The result was a production predictive auto-scaler for MongoDB Atlas that saves customers an average of 9 cents per hour, per replica set. At Atlas’s scale, that’s millions of dollars a year.
Here’s how they built it.
The Problem with Reactive Scaling
Atlas’s old auto-scaler worked like most do. Wait for CPU utilization to exceed a threshold for a few minutes. Scale up one tier. Wait again. Scale up again if needed.
Two problems with this:
Problem 1: It’s slow by design. It doesn’t react instantly because scaling too frequently is expensive. But even a fast reaction still means minutes of overload before relief arrives.
Problem 2: It scales one tier at a time. If you’re on M40 and suddenly need M80 capacity, you go M40 → M50 → M60 → M70 → M80. Each step requires sustained underload or overload to trigger. Dramatic demand shifts can leave servers in the wrong state for a long time.
The only way to fundamentally improve this is to see the load spike before it arrives.

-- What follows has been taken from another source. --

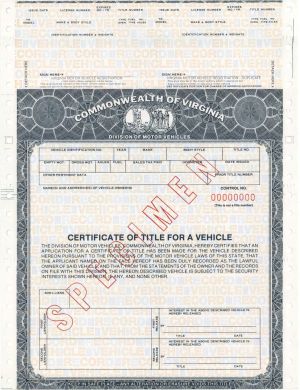 Certificate of Title for a Vehicle  - Specimens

The Three-Component System
MongoDB’s predictive scaler has three pieces working together.
The Forecaster predicts future workload. But here’s a subtle design decision that matters: it doesn’t forecast CPU directly. It forecasts “customer-driven metrics”, queries per second, client connections, scanned objects per second. Metrics that aren’t affected by the scaling decisions themselves.
Why? If you forecast CPU and then scale to reduce it, you’ve eliminated the spike you were predicting. Your forecast is now wrong. Your model trains on incorrect data. The whole thing falls apart. By forecasting demand instead of utilization, the model stays honest.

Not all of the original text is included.